Exercise directions:
Lines holding the word "para": how many does the material below have? Answer with nothing but the number.

======== Exercise data

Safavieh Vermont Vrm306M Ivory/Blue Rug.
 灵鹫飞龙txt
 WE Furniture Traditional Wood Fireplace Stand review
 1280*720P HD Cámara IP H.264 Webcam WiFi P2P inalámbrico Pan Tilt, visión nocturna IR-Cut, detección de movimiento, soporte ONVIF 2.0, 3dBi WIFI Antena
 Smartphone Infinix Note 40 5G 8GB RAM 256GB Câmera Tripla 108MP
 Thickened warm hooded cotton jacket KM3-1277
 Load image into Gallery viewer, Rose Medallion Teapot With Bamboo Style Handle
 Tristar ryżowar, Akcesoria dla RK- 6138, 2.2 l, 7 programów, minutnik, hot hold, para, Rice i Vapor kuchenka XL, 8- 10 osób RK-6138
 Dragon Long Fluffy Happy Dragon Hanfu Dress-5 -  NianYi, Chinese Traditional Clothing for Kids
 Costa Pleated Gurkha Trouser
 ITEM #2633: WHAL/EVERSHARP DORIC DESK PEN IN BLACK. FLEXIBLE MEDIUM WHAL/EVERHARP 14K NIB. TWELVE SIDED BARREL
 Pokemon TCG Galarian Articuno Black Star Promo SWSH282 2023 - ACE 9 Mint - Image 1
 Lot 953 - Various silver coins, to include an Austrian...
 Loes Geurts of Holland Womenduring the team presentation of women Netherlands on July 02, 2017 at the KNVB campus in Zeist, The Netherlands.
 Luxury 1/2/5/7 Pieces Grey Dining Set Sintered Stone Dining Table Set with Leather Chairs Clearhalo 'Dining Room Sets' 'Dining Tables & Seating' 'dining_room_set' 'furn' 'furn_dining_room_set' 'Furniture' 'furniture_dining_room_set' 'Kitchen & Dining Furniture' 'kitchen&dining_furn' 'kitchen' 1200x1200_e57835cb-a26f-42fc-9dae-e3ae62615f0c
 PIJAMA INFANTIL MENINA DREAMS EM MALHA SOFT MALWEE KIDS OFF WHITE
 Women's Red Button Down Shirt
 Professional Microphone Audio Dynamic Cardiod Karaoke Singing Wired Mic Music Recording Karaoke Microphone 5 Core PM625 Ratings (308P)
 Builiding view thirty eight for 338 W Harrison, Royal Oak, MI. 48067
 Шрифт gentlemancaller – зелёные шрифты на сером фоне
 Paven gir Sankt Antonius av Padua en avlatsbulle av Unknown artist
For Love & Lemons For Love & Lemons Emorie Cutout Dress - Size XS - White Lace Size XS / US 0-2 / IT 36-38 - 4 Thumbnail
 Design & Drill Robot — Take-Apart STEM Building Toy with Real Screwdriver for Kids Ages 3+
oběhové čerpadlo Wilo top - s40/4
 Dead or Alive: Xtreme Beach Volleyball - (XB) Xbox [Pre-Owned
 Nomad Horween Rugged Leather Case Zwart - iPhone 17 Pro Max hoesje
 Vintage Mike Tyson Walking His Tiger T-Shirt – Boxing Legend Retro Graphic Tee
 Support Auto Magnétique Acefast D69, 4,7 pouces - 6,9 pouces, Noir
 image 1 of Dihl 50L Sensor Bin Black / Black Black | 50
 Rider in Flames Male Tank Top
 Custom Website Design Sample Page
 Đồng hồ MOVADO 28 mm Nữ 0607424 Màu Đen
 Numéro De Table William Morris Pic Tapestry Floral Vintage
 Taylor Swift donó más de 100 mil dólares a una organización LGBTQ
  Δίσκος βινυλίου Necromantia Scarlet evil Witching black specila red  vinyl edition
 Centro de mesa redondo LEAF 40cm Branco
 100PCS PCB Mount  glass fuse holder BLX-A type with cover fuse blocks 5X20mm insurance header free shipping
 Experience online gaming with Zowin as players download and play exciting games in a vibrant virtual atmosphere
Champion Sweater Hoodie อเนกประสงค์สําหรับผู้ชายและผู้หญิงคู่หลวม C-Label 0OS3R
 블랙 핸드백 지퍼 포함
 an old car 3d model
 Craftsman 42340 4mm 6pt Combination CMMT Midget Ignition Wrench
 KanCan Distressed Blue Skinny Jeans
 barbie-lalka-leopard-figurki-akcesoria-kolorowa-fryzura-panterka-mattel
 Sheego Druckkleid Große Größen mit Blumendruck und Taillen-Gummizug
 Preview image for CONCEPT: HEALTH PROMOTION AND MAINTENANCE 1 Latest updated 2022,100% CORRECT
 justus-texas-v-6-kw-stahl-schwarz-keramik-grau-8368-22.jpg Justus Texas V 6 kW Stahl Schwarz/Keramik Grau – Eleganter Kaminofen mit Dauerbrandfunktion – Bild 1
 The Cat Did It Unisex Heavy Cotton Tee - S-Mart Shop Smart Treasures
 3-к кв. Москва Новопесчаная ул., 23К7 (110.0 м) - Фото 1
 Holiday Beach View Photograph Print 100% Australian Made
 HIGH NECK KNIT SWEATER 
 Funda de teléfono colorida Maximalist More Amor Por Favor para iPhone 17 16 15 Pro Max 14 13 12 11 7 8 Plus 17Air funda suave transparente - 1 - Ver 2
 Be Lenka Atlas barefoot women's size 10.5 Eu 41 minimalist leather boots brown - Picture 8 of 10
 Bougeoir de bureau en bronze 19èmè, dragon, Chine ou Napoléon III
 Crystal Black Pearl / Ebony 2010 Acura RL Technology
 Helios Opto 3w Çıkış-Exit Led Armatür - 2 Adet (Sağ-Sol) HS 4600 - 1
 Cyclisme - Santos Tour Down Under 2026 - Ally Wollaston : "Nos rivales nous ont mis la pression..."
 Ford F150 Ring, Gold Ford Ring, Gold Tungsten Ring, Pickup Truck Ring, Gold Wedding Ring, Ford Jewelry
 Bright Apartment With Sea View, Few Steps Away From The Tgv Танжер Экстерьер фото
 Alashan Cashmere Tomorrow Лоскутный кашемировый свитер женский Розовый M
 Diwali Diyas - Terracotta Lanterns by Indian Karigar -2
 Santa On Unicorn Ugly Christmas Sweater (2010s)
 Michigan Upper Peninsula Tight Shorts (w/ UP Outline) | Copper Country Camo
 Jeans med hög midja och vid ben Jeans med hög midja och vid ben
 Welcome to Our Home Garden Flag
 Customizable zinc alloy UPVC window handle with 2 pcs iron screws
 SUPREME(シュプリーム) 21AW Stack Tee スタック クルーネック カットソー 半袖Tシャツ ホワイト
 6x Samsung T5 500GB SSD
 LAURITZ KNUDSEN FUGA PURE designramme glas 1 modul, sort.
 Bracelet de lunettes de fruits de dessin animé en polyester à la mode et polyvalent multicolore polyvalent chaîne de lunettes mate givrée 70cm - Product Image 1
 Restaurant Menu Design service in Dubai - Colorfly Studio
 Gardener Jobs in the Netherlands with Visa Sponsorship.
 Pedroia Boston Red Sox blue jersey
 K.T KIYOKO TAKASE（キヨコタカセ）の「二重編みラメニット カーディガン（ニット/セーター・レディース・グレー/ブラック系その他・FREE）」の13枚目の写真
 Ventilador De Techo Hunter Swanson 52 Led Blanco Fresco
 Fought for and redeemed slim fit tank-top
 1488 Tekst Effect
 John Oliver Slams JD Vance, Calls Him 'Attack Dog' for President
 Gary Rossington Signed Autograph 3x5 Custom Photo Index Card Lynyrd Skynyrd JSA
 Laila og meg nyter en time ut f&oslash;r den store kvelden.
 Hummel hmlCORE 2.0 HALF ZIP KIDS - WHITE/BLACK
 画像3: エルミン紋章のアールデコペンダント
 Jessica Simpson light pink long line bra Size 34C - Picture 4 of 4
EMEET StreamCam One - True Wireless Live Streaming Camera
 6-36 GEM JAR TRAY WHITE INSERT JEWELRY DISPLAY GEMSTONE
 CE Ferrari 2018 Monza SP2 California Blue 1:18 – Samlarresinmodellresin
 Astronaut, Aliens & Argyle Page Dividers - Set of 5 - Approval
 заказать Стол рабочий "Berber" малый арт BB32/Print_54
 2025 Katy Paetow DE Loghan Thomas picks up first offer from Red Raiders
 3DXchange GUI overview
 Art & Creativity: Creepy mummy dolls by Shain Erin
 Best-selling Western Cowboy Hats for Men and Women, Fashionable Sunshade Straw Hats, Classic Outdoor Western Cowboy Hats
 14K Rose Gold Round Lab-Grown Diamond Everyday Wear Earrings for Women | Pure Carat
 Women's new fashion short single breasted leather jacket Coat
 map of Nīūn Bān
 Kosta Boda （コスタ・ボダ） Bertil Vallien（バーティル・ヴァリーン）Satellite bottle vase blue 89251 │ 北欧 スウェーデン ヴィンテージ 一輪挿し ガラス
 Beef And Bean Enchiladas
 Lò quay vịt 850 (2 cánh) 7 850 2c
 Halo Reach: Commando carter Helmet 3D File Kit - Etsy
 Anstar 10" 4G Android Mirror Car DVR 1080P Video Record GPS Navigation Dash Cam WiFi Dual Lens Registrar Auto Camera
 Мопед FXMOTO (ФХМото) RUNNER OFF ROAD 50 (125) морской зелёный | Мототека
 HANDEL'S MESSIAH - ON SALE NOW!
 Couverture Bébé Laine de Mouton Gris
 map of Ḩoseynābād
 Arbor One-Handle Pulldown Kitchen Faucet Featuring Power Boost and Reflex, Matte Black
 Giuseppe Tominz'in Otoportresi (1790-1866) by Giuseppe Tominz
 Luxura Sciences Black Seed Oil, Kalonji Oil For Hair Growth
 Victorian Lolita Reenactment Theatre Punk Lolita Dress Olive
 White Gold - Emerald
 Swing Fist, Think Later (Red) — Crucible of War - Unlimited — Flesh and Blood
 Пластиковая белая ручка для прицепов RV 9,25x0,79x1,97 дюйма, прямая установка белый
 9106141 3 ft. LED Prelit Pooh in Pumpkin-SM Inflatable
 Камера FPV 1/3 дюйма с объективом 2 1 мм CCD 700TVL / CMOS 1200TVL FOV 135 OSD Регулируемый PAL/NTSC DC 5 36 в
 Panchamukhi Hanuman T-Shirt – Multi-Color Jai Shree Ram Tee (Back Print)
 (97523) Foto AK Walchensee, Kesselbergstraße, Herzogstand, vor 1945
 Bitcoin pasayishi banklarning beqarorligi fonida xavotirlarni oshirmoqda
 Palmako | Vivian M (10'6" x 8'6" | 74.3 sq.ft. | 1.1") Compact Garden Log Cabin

================

Task response:
2